Tatsächlich hatten die beiden Präsidenten in ihrer Pressekonferenz
kaum mehr als Plattitüden zu verkünden: Man müsse das Vertrauen
zwischen den Supermächten stärken, für den Frieden arbeiten und die
Verbreitung von Atomwaffen begrenzen, erklärten sie. Weder zum
Bürgerkrieg in Syrien, noch zur Zukunft der Ukraine gab es
irgendetwas Konkretes. Das Treffen mit Putin werde seine einfachste
Übung sein, hatte der Poltergeist im Weißen Haus vorher herausposaunt
und auf eine Wiederholung der "Trump-Show" für seine Anhänger
gesetzt. Offensichtlich hat er den kühlen Machtstrategen Putin
sträflich unterschätzt. Während der US-Präsident im Vorfeld mit
seiner Kritik an der Nato, Attacken gegen Deutschland und der
Diffamierung der Europäischen Union als "Feind" den Westen gespalten
und Russland in die Karten gespielt hatte, blieb Putin mit maliziösem
Lächeln eisenhart. Von Anfang an hatte er bei der Begegnung die
Oberhand. Erst ließ er Trump fast eine Stunde warten, dann
widersprach er ihm offen in der Iran-Politik und bei der Gas-Pipeline
Nordstream 2, und warf ihm schließlich einen WM-Ball zu, woraufhin
Trump erklärte, die USA wollten 2026 versuchen, ein ähnlich guter
Gastgeber zu sein wie Russland. Das ganze Bild, das Trump neben dem
stets kontrollierten Kreml-Chef abgab, war jämmerlich. Natürlich
erwähnte er weder die Lage der Menschenrechte in Russland, noch
sprach er sich für die Pressefreiheit aus. Das wäre auch schräg
herübergekommen, nachdem er zuhause die Journalisten als "Feinde des
Volkes" beschimpft und sich inzwischen weigert, Fragen des
US-Nachrichtensenders CNN zu beantworten.

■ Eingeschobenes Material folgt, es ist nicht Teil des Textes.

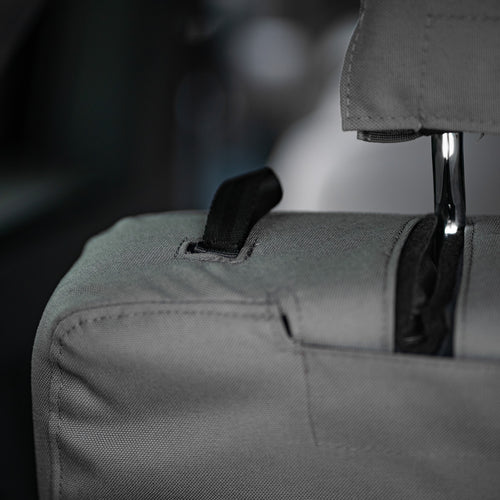Seat back detail showing the adjustment strap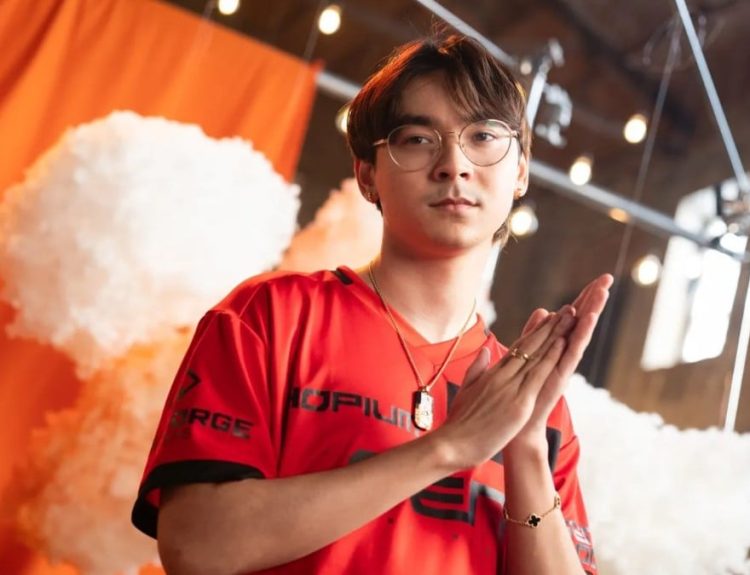 TenZ looking at the camera with hands together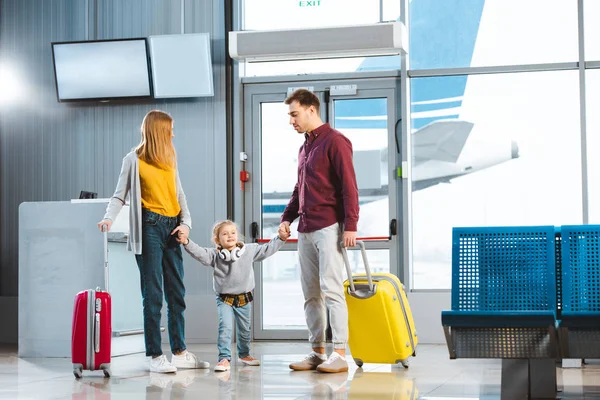 Esposa y marido tomados de la mano con la hija y de pie maletas limpias en el aeropuerto - foto de stock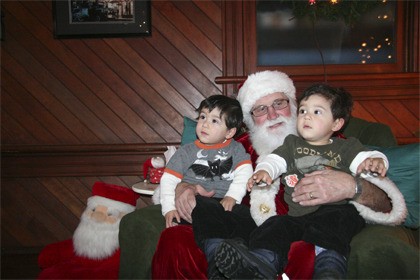 Felix and Hugo Horn snuggle close to Santa at the Northwest Railway Museum in Snoqualmie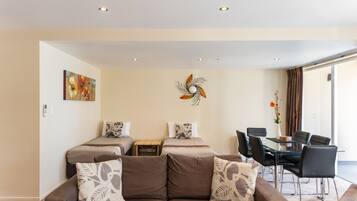 A modern hotel room with a brown sofa, two beds, a dining table with chairs, and a decorative wall piece.
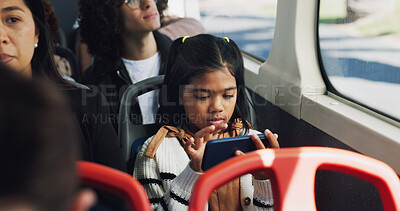 Buy stock photo Girl, child and phone with games on bus for download, entertainment or streaming in morning. Travel, city or female kid playing on mobile smartphone in public transport for online app or subscription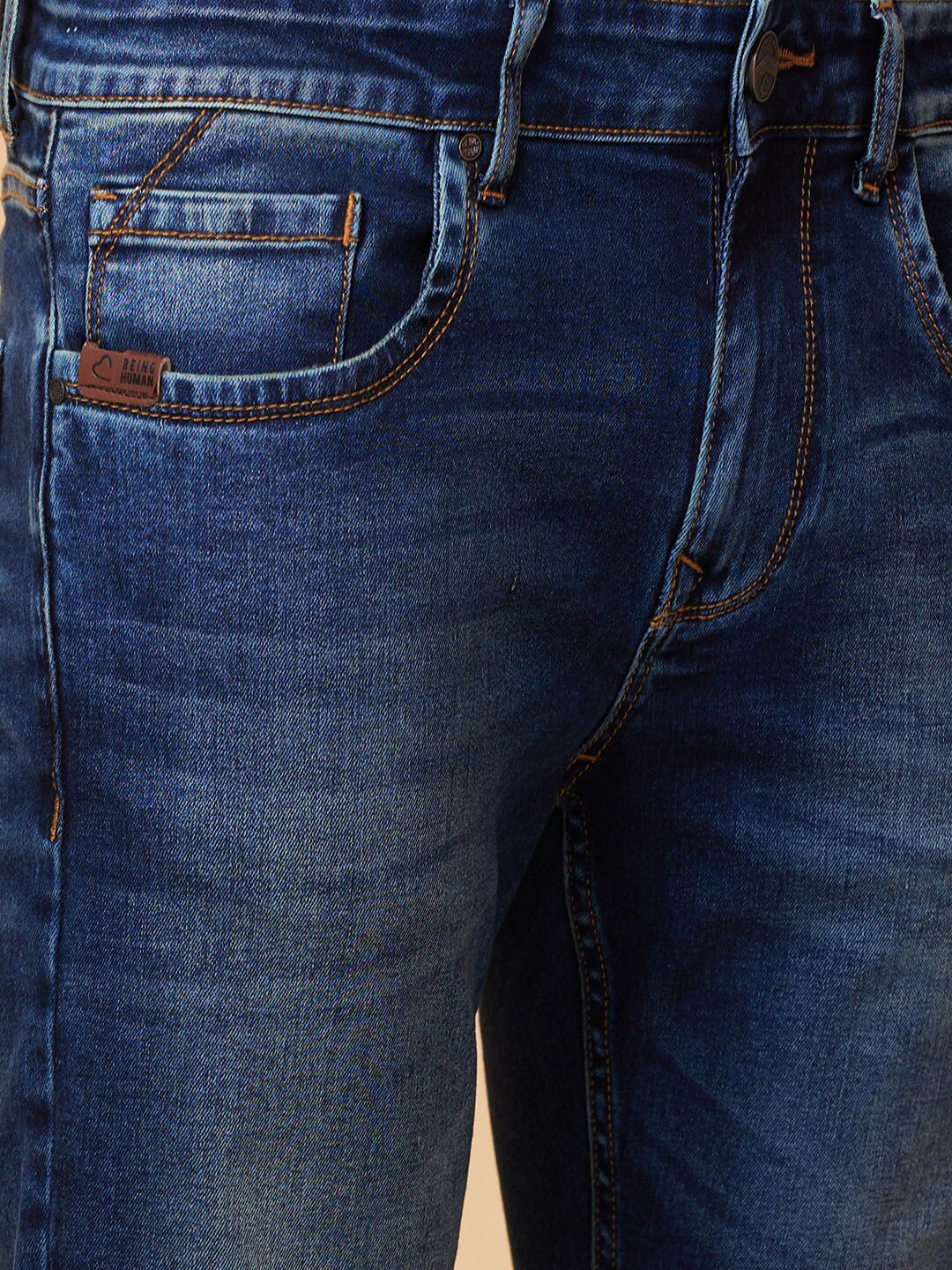 Being Human Men Skinny Fit Mid Rise Low Distress Heavy Fade Jeans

Je länger die
Pressekonferenz in Helsinki dauerte, desto mehr schien Trump den
Anlass zu vergessen und von seiner aberwitzigen Selbstfixierung
übermannt zu werden. "Es gab keine Zusammenarbeit" (mit den Russen),
beteuerte er mehrfach: "Wir haben eine brillante Kampagne gemacht.
Deshalb bin ich Präsident." Für das schlechte Verhältnis zu Russland
machte er die US-Demokraten und Sonderermittler Mueller
verantwortlich. Putin hatte die letzte Antwort schon beendet, als
Trump noch einmal nach dem Mikrofon griff: "Das Ganze ist eine
komplette Hexenjagd", stieß er aus. Als Zuschauer fühlte man sich
eher in einer Horror-Show. Der Gedanke, dass bei dem Gespräch mit
Putin außer zwei Dolmetschern keinerlei Ohrenzeugen dabei waren und
die Welt wahrscheinlich nie erfahren wird, was dort vereinbart wurde,
wirkt beunruhigend. Bislang schien es kompromittierendes Material
gegen einen US-Präsidenten, das in Moskauer Panzerschränken
schlummert, nur in der fiktiven Welt der Agenten-Thriller zu geben.
Nach dieser bizarren Vorstellung ist man sich nicht mehr so sicher.